After six business trips in the past two months, the unspoken rules of the game (outside of these no-brainers that people seem to forget) for flying Southwest Airlines are becoming abundantly clear to me.
If you are in the A1-30 section or one of the early boarders (use earlybird check-in to have any chance of being one of these lucky few) you sprint to get an aisle or window seat in the exit row – right past the rookies who think the first few rows are first class or most valuable. You are able to take what you want – everyone seems to have an aisle or window preference.
Funny thing is, it seems people with weak bladders like window seats the best – the Larry David’s of the world should tell them that’s a bad choice.
In A31-60, the game is still to get an aisle or window, and hopefully pick someone unpleasant in your row to ward off middle seaters on the way. You start puffing yourself up to occupy more space, put your personal items in the middle seat and hope the flight isn’t full. Sometimes you gamble, lose, and end up with this guy:
In A31-60, you can still get a decent seat but comes at a price – baby on board (unfortunately, not this stud), back of the plane, etc.
By B1-30 you are looking for a miracle and it does, indeed, pan out sometimes. Or you just give in early and pick a middle seat up front between two small people that look preoccupied so they won’t talk your ear off. We’re all trying to avoid the nice elderly lady or the loud businessman in the bad suit who drone on and on.

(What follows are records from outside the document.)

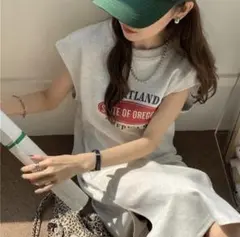 ワンピース　ロング　カジュアル　オートミール　スウェット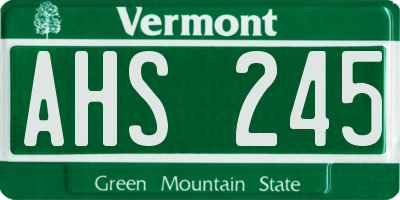 VT license plate AHS245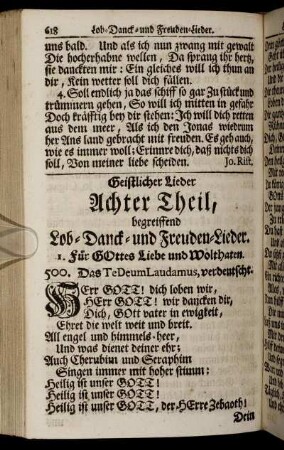 Achter Theil, begreiffend Lob- Druck- und Freuden- Lieder.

After the early B’s, you are pretty much screwed – but can still apply the B1-B30 strategy of avoiding disaster. However, the fun part about having a loser boarding pass is that you can ruin a smug passengers day – look for the person who will be most pissed if you sit there.
Sorta like dropping a draw four on someone in UNO.
I’m flying to Aspen and Vegas next month so watch out! Maybe we’ll have this attendant to lighten the mood once I drop a draw four on my fellow travelers.